# RECORDED INFORMATION:
· · · ·
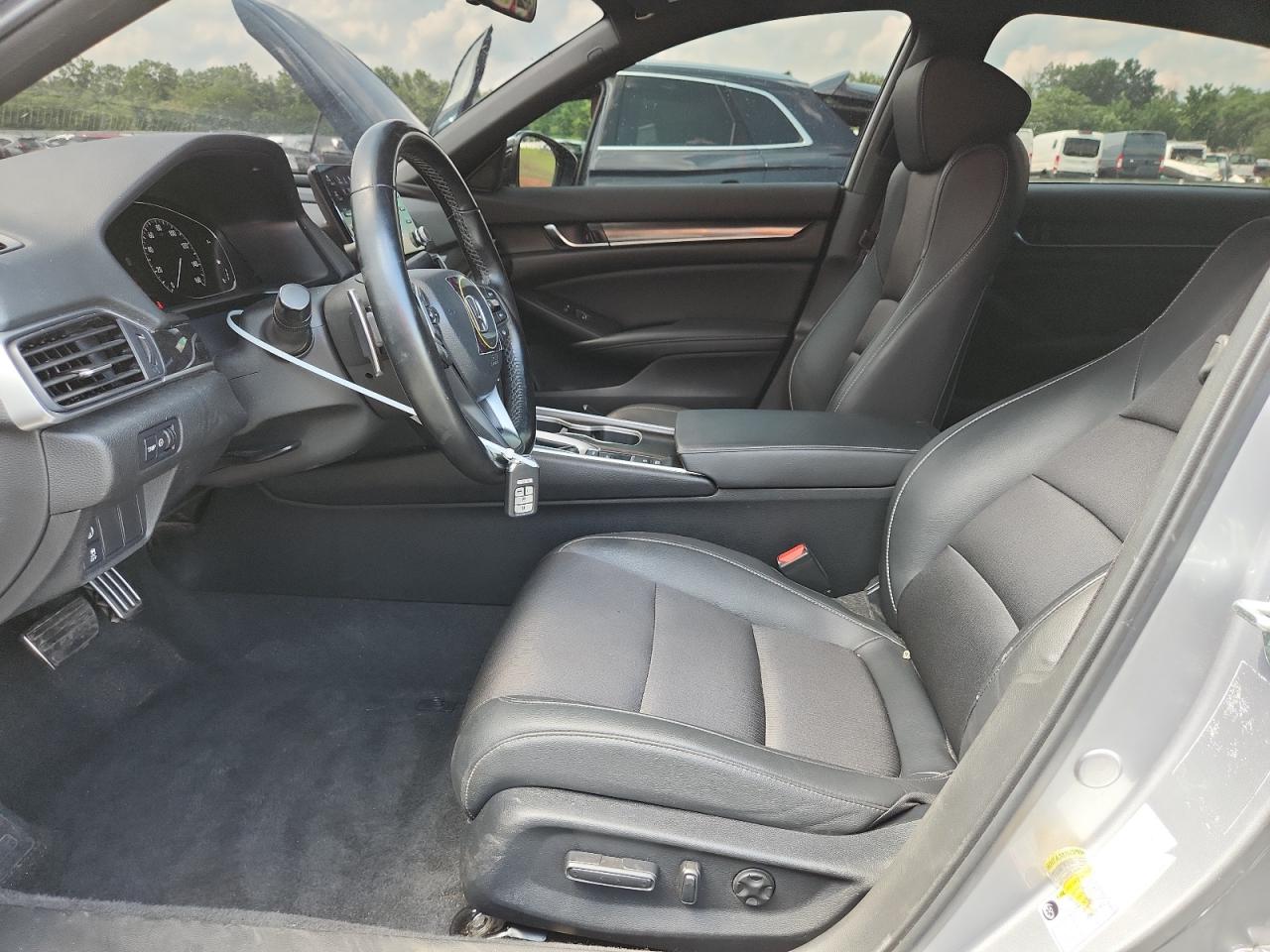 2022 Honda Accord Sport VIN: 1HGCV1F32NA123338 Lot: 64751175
· · · ·
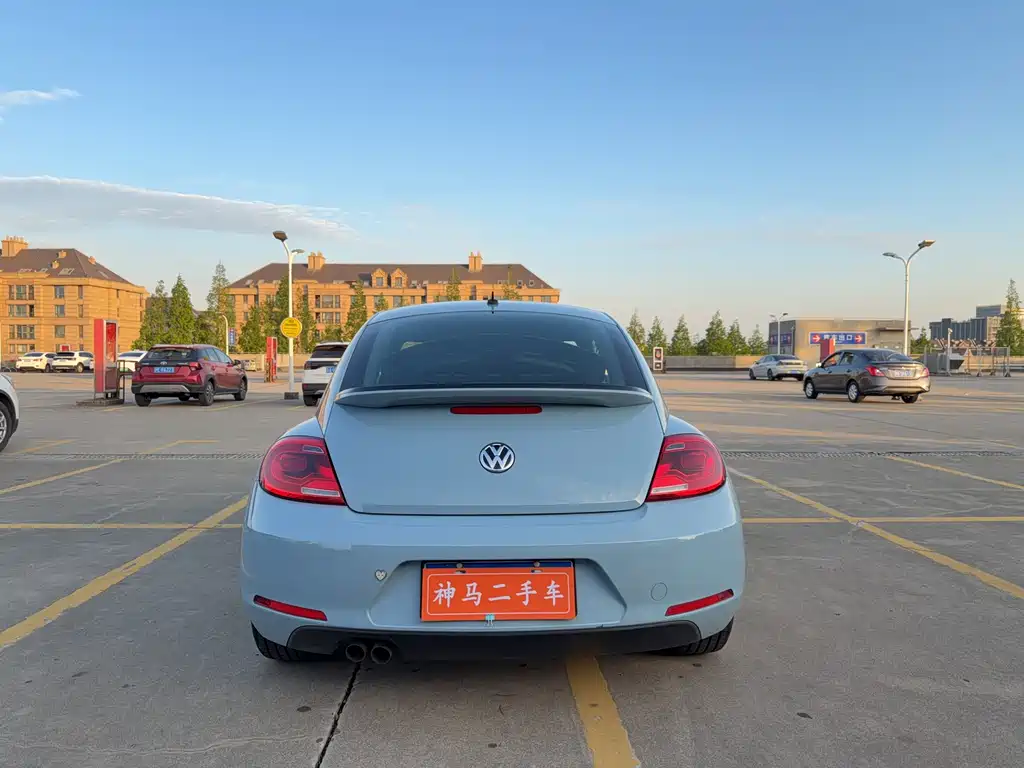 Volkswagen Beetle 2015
· · · ·
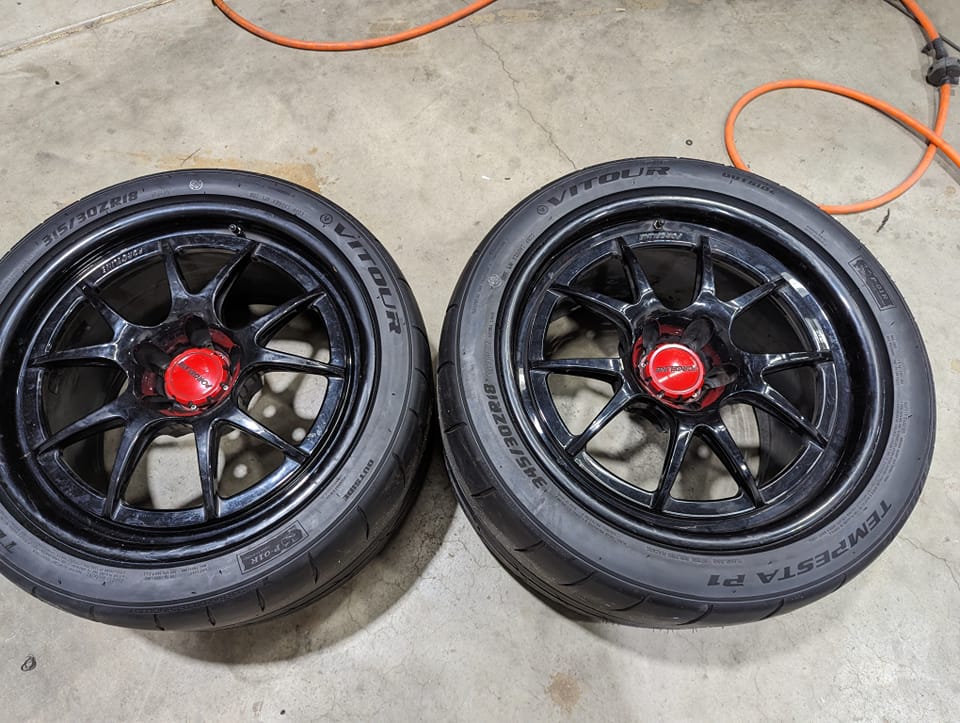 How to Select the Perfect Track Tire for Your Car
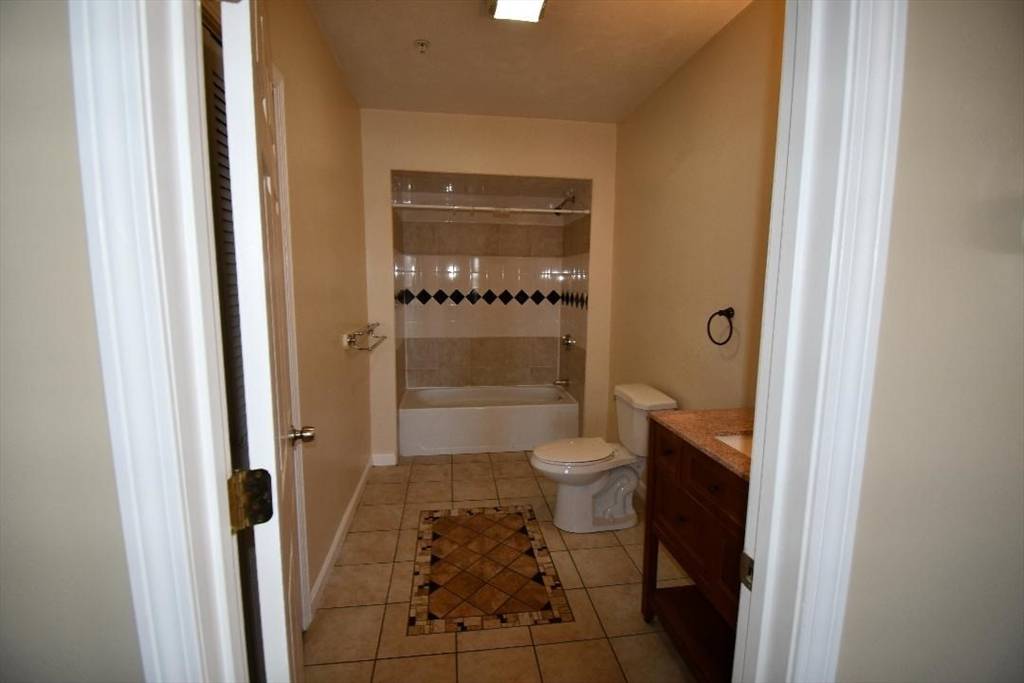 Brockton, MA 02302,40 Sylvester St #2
· · · ·
Beginning with the line above that has "How to Select" and going on through the line that has "Brockton, MA 02302,40 Sylvester St #2", retype every line exactly and add nothing else; drop the pictures.

# RESULT:
 How to Select the Perfect Track Tire for Your Car
 Brockton, MA 02302,40 Sylvester St #2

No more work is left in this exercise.